Le elezioni sono più vicine. Le dimissioni del capo di gabinetto del ministro dell’Interno (consegnate ieri e accolte oggi) sono un fatto amministrativo ma hanno un valore politico enorme. Il prefetto Procaccini, nonostante alcuni ritratti agrodolci apparsi su alcuni quotidiani, è stato in questi anni uno dei più solidi pilastri del Viminale – e tanto più negli anni in cui l’ex capo della Polizia, il compianto Manganelli, era provato dalla malattia che poi lo ha stroncato.
Ad essere menomata, almeno all’inizio, non è solo l’attività di gestione di una delle macchine istituzionali più complesse e neppure l’orgoglio ferito di una classe dirigente fatta di alti funzionari e poliziotti. Il capo di gabinetto è, in generale e in particolare al ministero degli Interni, il più stretto collaboratore del ministro. Non ha compiti amministrativi diretti e nel contestato caso Ablyazov non ha fatto nulla (di pratico) se non aver dato l’imprimatur – chiaramente non a titolo personale! – all’operazione che poi ha dato luogo alla frettolosa espulsione della signora Shalabayeva.
Fermo restando la bontà della relazione consegnata dal Capo della Polizia e tutte le responsabilità specifiche che saranno accertate, è evidente che le dimissioni di Procaccini da un lato (nel brevissimo periodo) confermano la tesi di Alfano che lui non era stato informato delle azioni intraprese dai suoi più stretti collaboratori ma dall’altro rafforzano la tesi di chi ritiene che sia “unfit” un ministro che dovrebbe garantire la sicurezza nazionale interna e che neanche sa quello che accade nella stanza accanto alla sua.
Non si possono fare processi alle intenzioni ma nel momento in cui il governo al massimo livello, Enrico Letta. Emma Bonino e lo stesso Alfano, danno pieno credito alle accuse mosse dall’avvocato della moglie di Ablyazov è difficile se non impossibile sottrarsi alle conseguenze che ne derivano. La posizione di Repubblica che reclama la testa del giovane segretario del Pdl è sicuramente partigiana ma ciò non di meno appare rigorosissima e non contestabile.
Il Partito Democratico è drammaticamente allo sbando e si aggrappa alla stabilità del governo, proteggendo quindi il suo numero 2 Alfano.

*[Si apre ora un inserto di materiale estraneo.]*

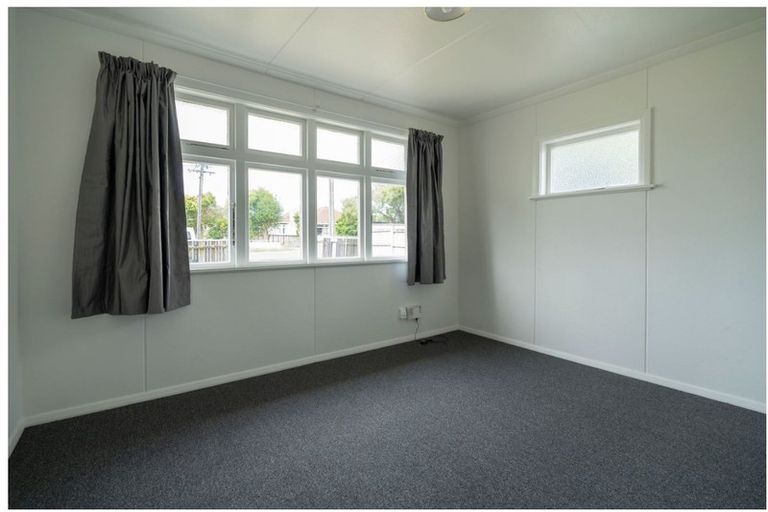 Photo of property in 71 Queenwood Road, Levin, 5510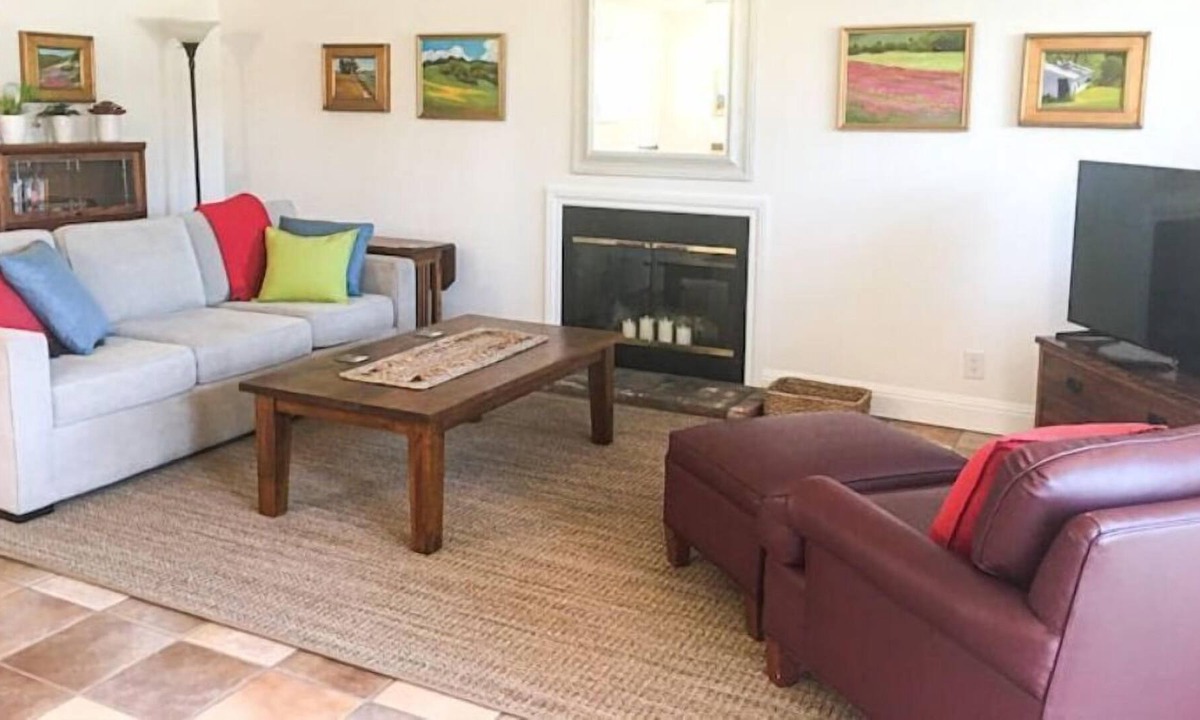 Santa Rosa Cabin | Spacious Cottage for Wine Country WORK/PLAY/STAY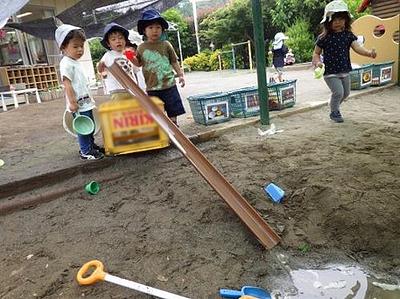 園庭には魅力がいっぱい（2歳児）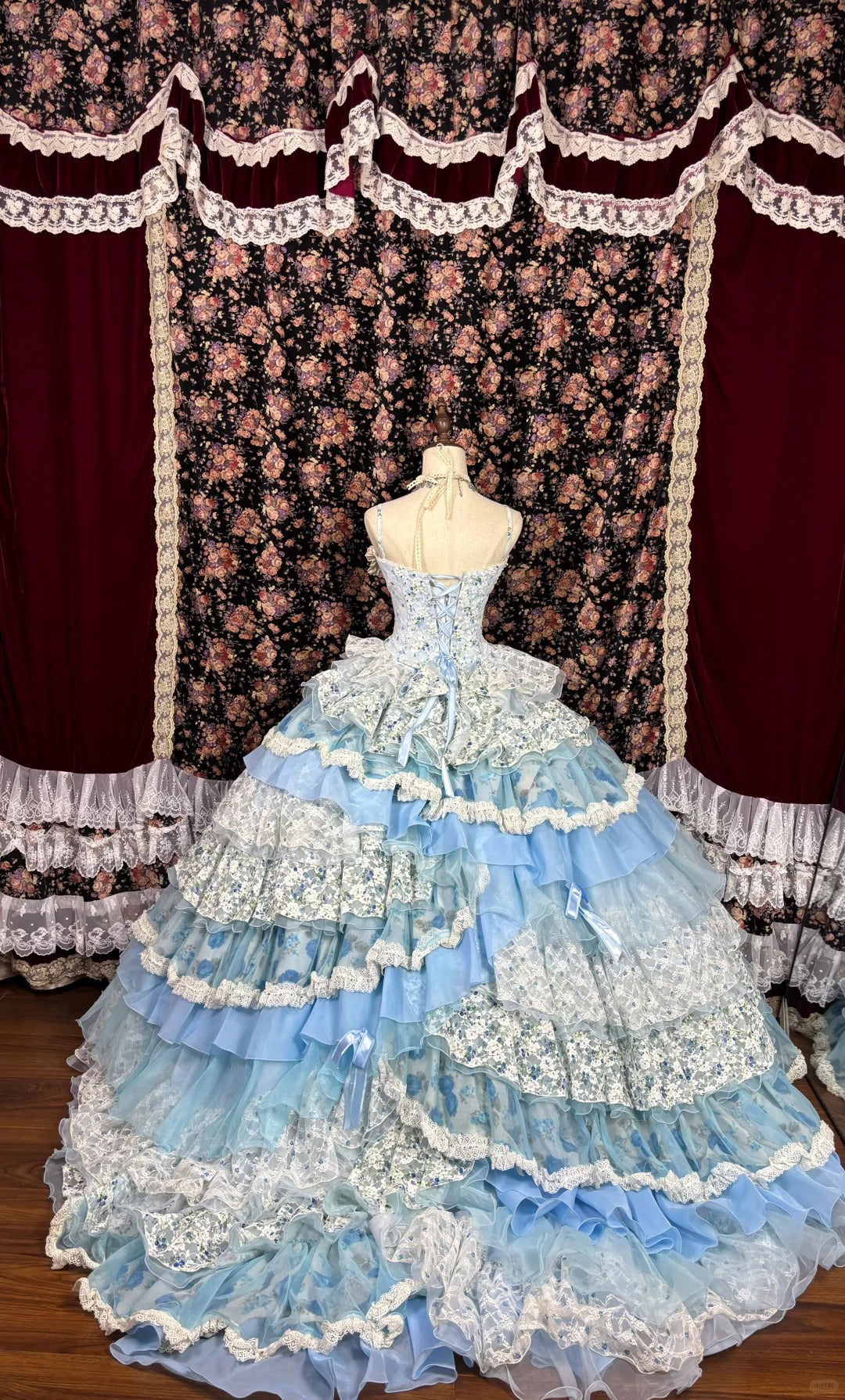Blaues, florales, süßes, elegantes, langes Ballkleid aus Satin-Tüll gh4769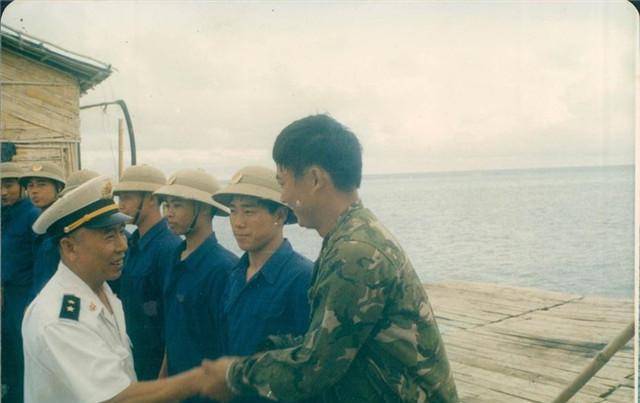 张连忠视察部队供应站往称上一站显示140斤大怒撤掉站长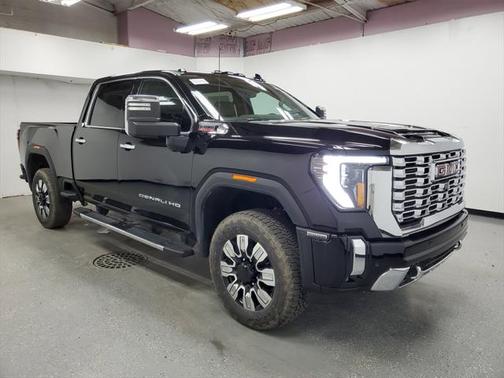 2025 GMC Sierra 2500 Denali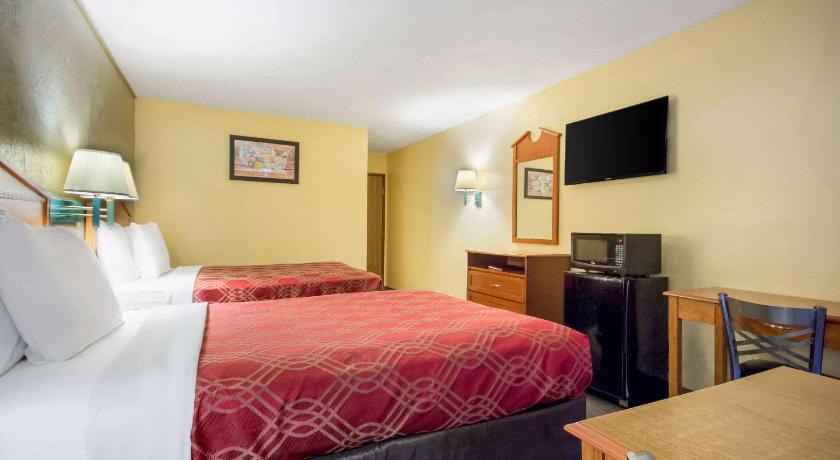 Econo Lodge Lansing - Leavenworth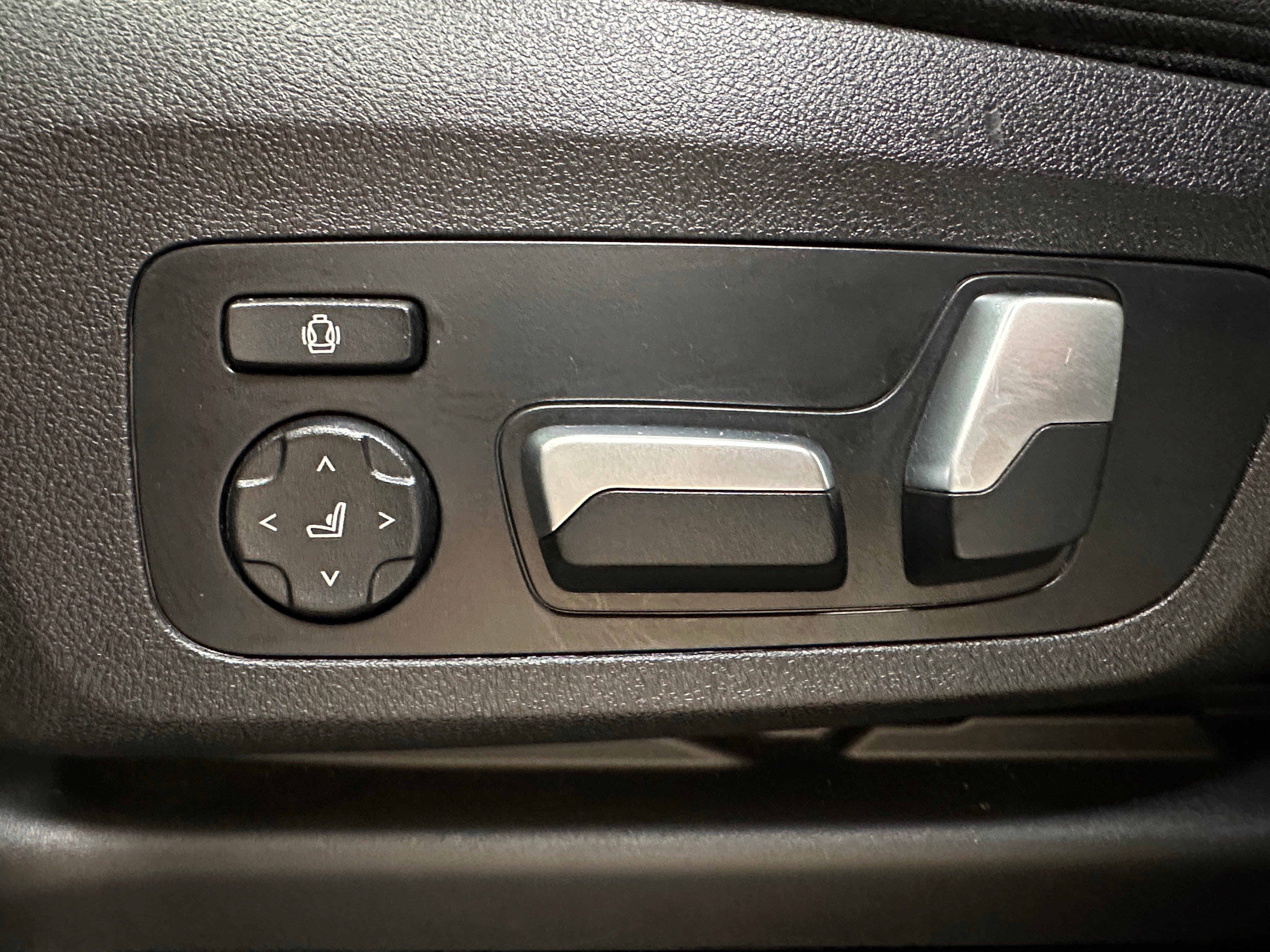 2021 BMW X4 30i - Photo 11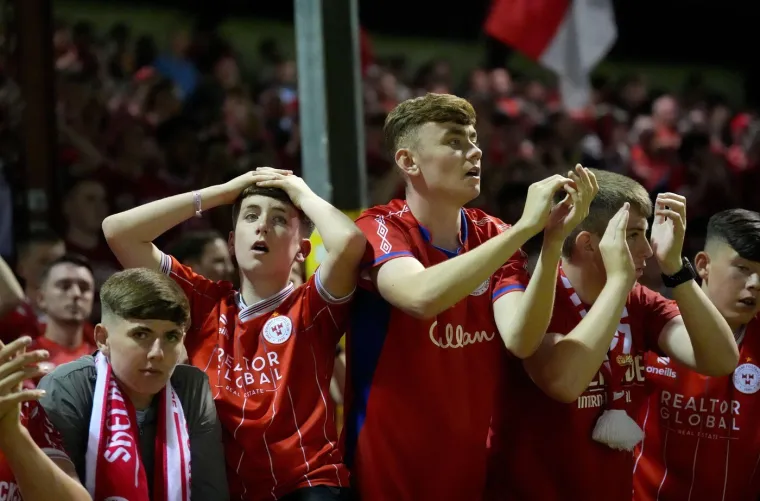 Navijači Shelbournea ukrali show: Pogledajte kako su se duhovito sjetili Hajduka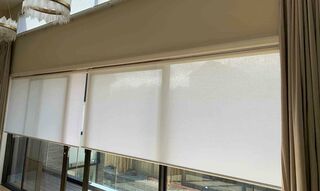 Custom-made complete sets of motorised roller blinds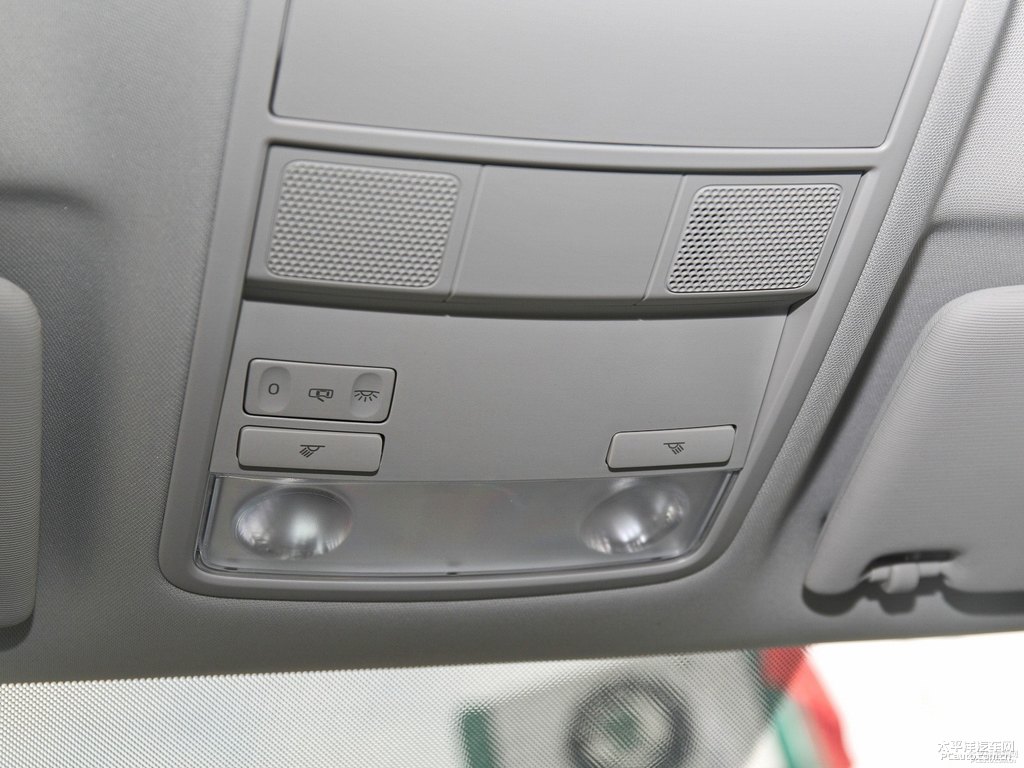 琥珀棕明銳車廂內(nèi)飾圖片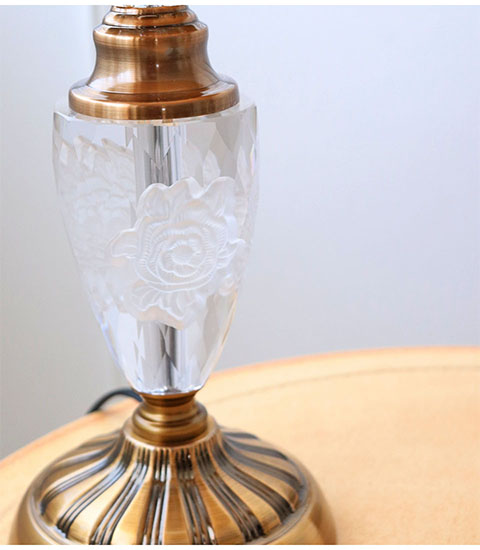 薔薇 百合 シャンデリア テーブルランプ ライト アンティーク 白  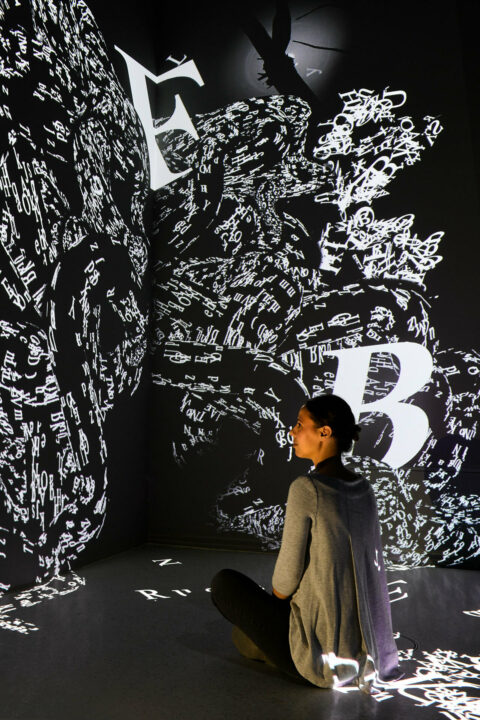 Sonderausstellung - FinsterWald - Frau schaut Ausstellung an | Foto: Nils Klinger Frau sitzt in der Ausstellung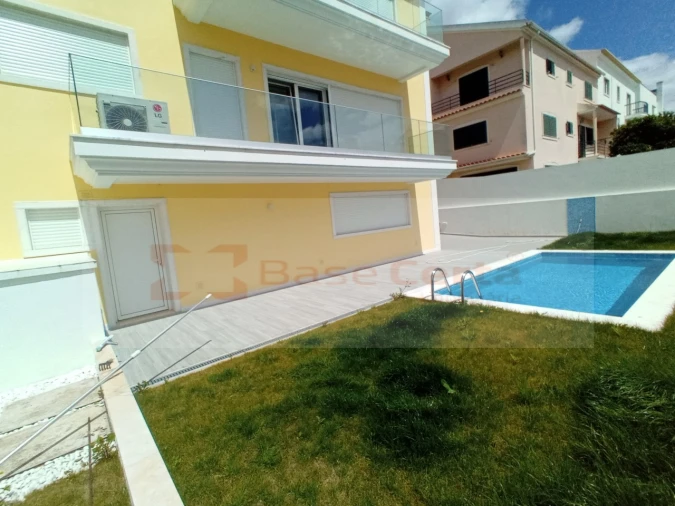 Moradia T5 para Venda em Pontinha e Famões Foto 18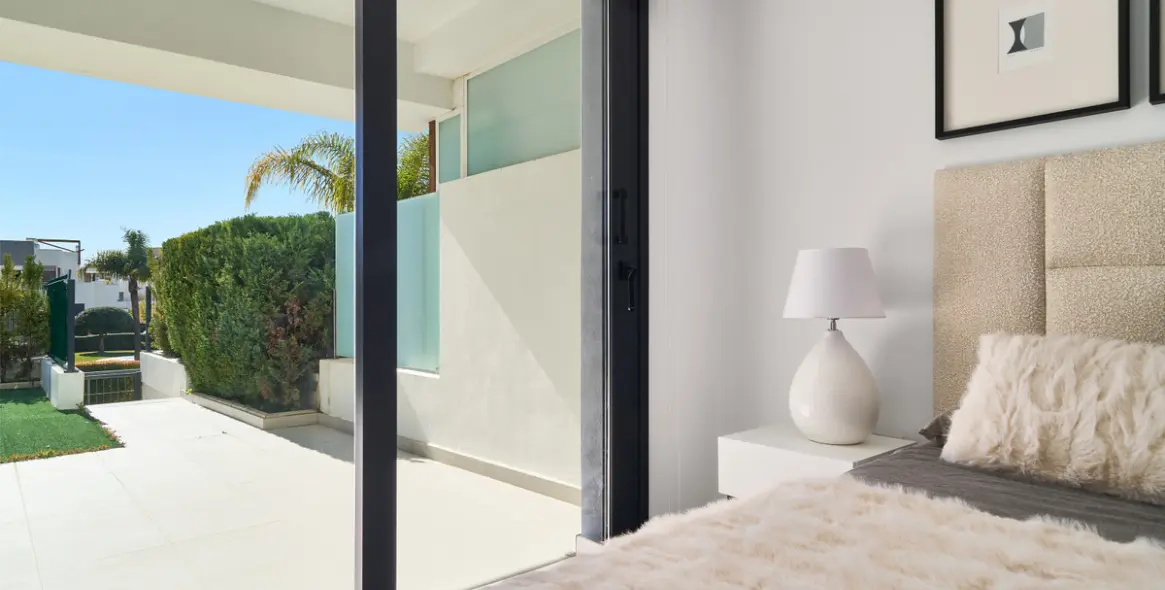 Продажа апартаментов на первом этаже в Bel Air 23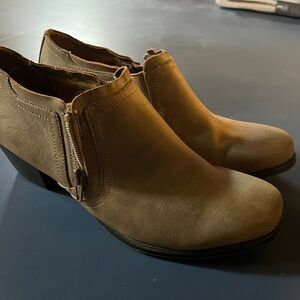 Natural Stone booties in light brown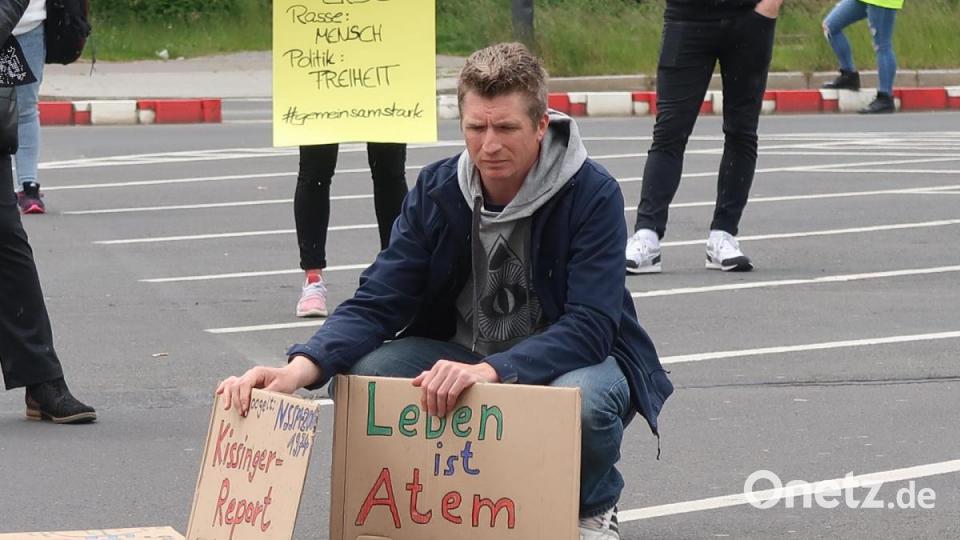 Nach Angaben der Polizei demonstrierten am Pfingstsonntag 150 Personen gegen die Beschneidung der Grundrechte und gegen Impfpflicht. Bild: Kunz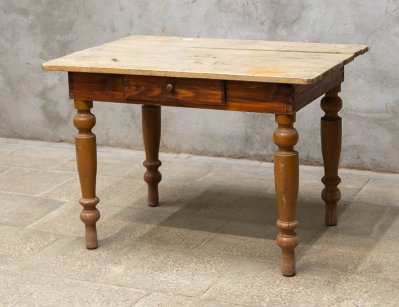 Старинный деревенский стол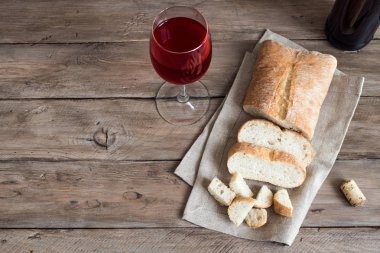 Kırmızı şarap ve ekmek ahşap masada, kopyalama alanı.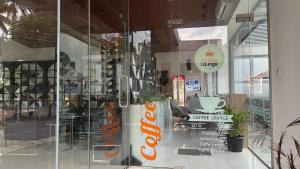 Modern 2BR Resort Apartment with Pool & Gym, Malabe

Pian piano però sta facendosi strada l’idea di poter decidere contemporaneamente il candidato premier e il segretario del partito (in due persone distinte). Se passerà questa linea, il ministro dell’Interno si ritroverà solo. Da oggi lo è di certo al Viminale. Domani, chissà, in Parlamento e probabilmente persino nel partito di cui resta azionista unico Silvio Berlusconi.